S3, according to the reception signal y_rk, calculate its performance number P_rk=| h_k|²P_k, wherein | h_k|²It is complex channel coefficient h_k's Mould indicates the channel power gain of k-th of time slot；

S4, according to receive signal performance number P_rk, calculate input power of the energy receiver in k-th of time slot of destination node P_k ^ER=(1- ρ (k)) | h_k|²P_rk；

S5, by energy receiver input power P_k ^ERMultiplied by the output power saturation value after η with energy receiverIt is compared, Wherein, η is the energy conversion efficiency of destination node energy receiver, ifThen ρ^*(k)=1, receiving node D will Signal is switched to intelligence receiver, which only carries out information reception；Otherwise, following sequential steps are executed；

S6, optimization aim is minimised as with system break probability, handoff factor ρ (k) is optimization object, objective functionWhereinIt is the momentary interruption probability of k-th of time slot of system, is the function of ρ (k)；

S7, using method of Lagrange multipliers, and combine binary search method, to the objective functionIt is asked Solution obtains optimal intelligence receiver and energy receiver handoff factor ρ^*(k)；

The each sub-slots intelligence receiver and energy receiver handoff factor ρ that S8, basis obtain^*(k) value carries out adaptive Time slot signal receives.

2. a kind of SWIPT system self-adaption time slot signal collected based on nonlinear energy according to claim 1 is received Method, which is characterized in that the value of the handoff factor ρ (k) is 0 or 1, and wherein ρ (k)=1 indicates that the time slot receiving end will Signal is received for information, and ρ (k)=0 indicates that signal is used for energy and connects collection by the time slot receiving end.

3. a kind of SWIPT system self-adaption time slot signal collected based on nonlinear energy according to claim 1 is received Method, which is characterized in that the formula of the outage probability is as follows：Wherein r_k=ρ (k) log (1+γ_k) be k-th of time slot of system instant message reception rate, r₀It is the minimal information receiving velocity door of system normal communication Limit value, hereinSignal-to-noise ratio for receiving end in k-th of time slot, σ²It is the noise power of receiving end.

4. a kind of SWIPT system self-adaption time slot signal collected based on nonlinear energy according to claim 1 is received Method, which is characterized in that optimal intelligence receiver and energy receiver handoff factor ρ in the step S7^*(k) value is such as Under：

(1) whenWhen, then ρ^*(k)=0；

(2) whenWhen, then ρ^*(k)=1；

(3) whenWhen, then ρ^*(k)=0；

Wherein λ^*It is best Lagrange multiplier.

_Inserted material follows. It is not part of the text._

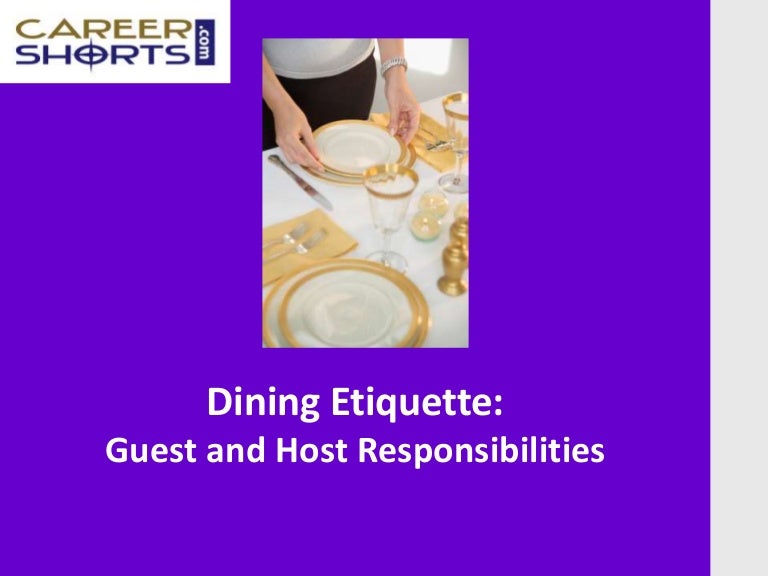 Dining etiquette guest and host responsibilities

5. a kind of SWIPT system self-adaption time slot signal collected based on nonlinear energy according to claim 1 is received Method, which is characterized in that the energy conversion efficiency η value of the destination node energy receiver is 1.

6. a kind of SWIPT system self-adaption time slot signal collected based on nonlinear energy according to claim 1 is received Method, which is characterized in that self-adapting time slot letter signal receives in the step S8, refers to ρ^*(k)=1 when, the sub-slots are only Carry out information reception, ρ^*(k)=0 when, which only carries out collection of energy.

7. a kind of SWIPT system self-adaption time slot letter collected based on nonlinear energy according to any one of claims 1 to 5 Number method of reseptance, which is characterized in that the method for reseptance is directed to SWIPT system in point-to-point wireless communication scene, Channel type is flat fading channel, and sending node S has a fixed and lasting energy supply, receiving node D energy constraint and The receiver of the energy supply that do not fix, receiving node D consists of two parts：Intelligence receiver and energy receiver, energy Receiver obtains energy from the radiofrequency signal of ambient enviroment.